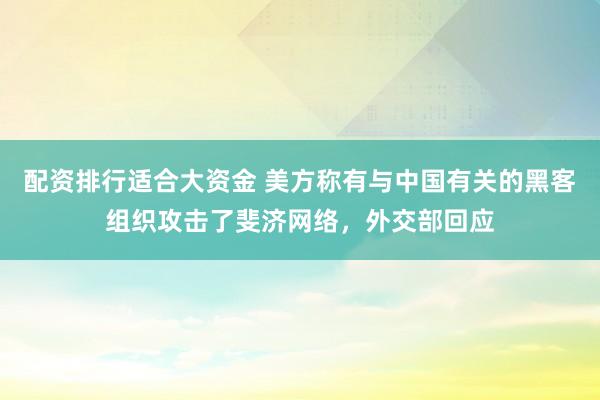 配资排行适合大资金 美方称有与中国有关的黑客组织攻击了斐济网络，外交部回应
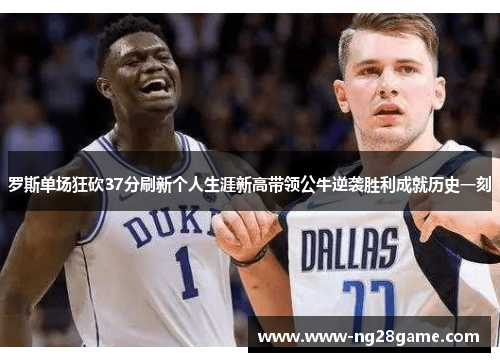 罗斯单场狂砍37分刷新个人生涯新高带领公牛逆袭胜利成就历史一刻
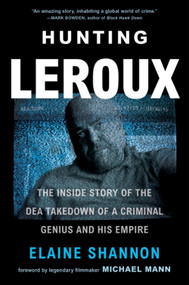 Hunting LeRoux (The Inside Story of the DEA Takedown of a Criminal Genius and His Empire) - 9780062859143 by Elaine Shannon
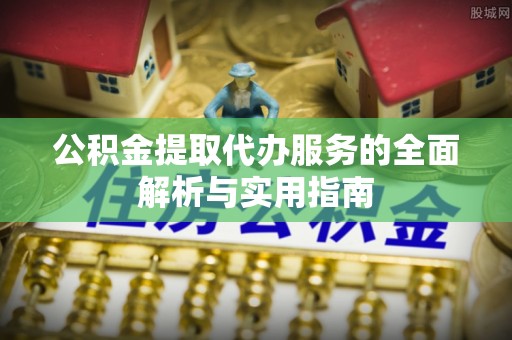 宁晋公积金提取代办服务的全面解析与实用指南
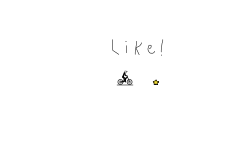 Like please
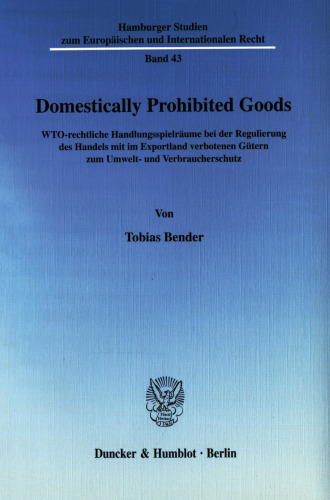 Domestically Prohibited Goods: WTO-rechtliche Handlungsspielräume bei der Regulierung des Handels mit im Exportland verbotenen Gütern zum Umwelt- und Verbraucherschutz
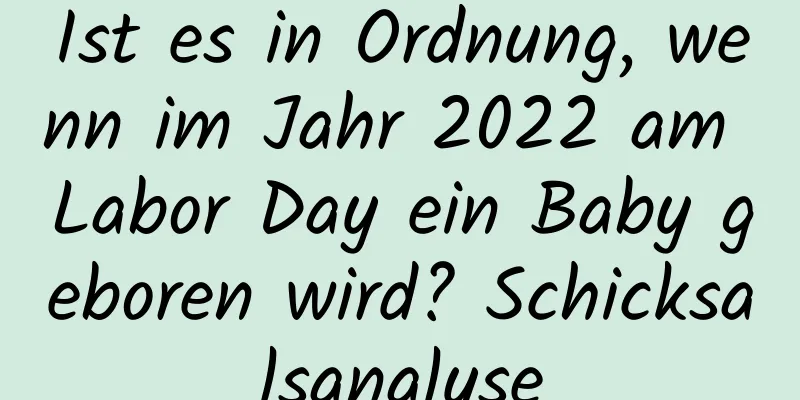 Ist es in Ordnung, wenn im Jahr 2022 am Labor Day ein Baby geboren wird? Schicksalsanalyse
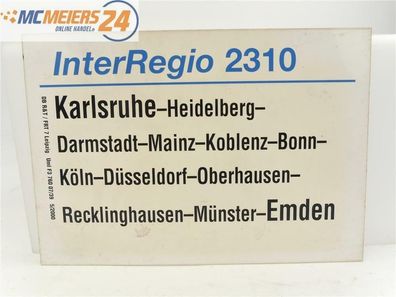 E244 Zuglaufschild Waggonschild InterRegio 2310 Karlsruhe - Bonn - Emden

◆ ◆ ◆ ◆

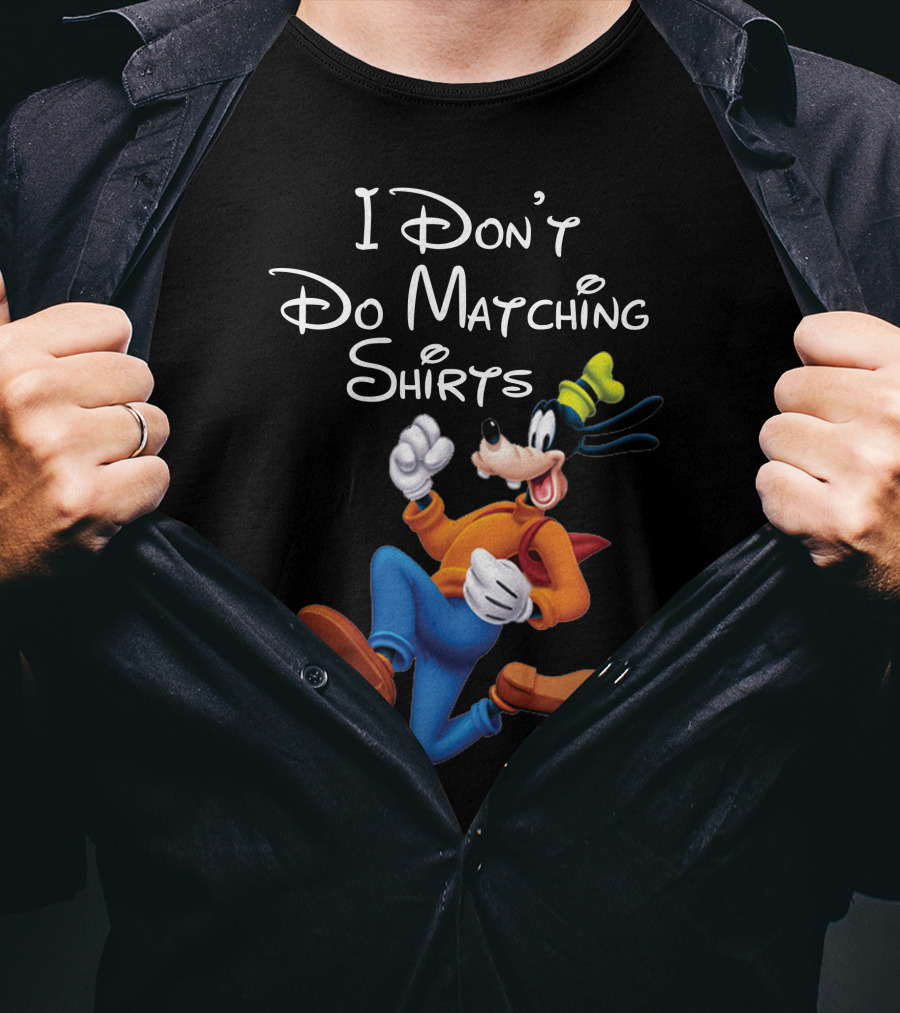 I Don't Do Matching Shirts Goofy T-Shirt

◆ ◆ ◆ ◆

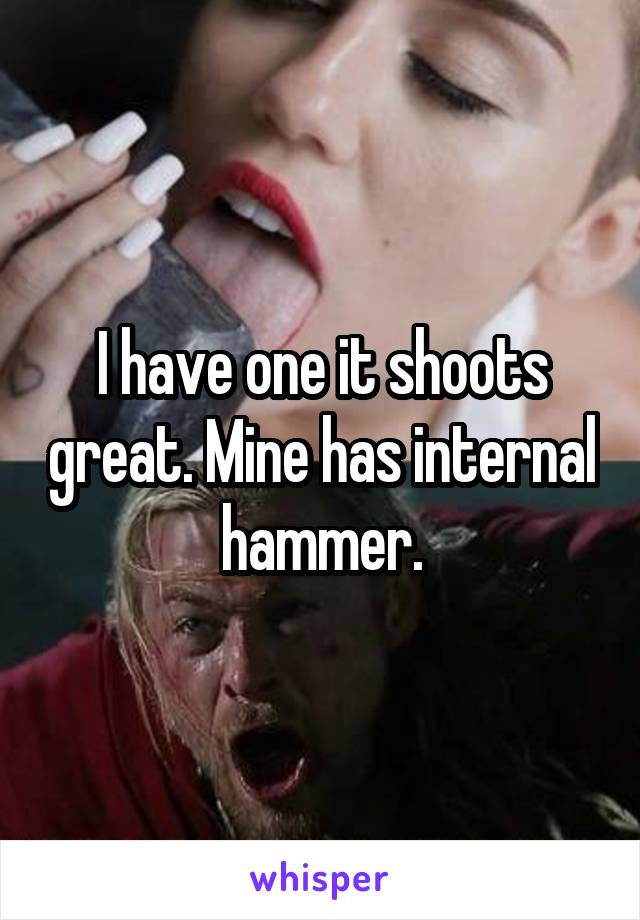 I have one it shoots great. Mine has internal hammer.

◆ ◆ ◆ ◆

EXERCISE INSTRUCTIONS. Exactly reproduce the lines above, starting at the one that contains "配资排行适合大资金 美方称有与中国有关的黑客组织攻击了斐济网络，外交部回应" and ending at the one that contains "E244 Zuglaufschild Waggonschild", both inclusive; leave the pictures out and add no other lines.

RESPONSE TO THE EXERCISE.
 配资排行适合大资金 美方称有与中国有关的黑客组织攻击了斐济网络，外交部回应
 罗斯单场狂砍37分刷新个人生涯新高带领公牛逆袭胜利成就历史一刻
 Hunting LeRoux (The Inside Story of the DEA Takedown of a Criminal Genius and His Empire) - 9780062859143 by Elaine Shannon
 宁晋公积金提取代办服务的全面解析与实用指南
 Like please
 Domestically Prohibited Goods: WTO-rechtliche Handlungsspielräume bei der Regulierung des Handels mit im Exportland verbotenen Gütern zum Umwelt- und Verbraucherschutz
 Ist es in Ordnung, wenn im Jahr 2022 am Labor Day ein Baby geboren wird? Schicksalsanalyse
 E244 Zuglaufschild Waggonschild InterRegio 2310 Karlsruhe - Bonn - Emden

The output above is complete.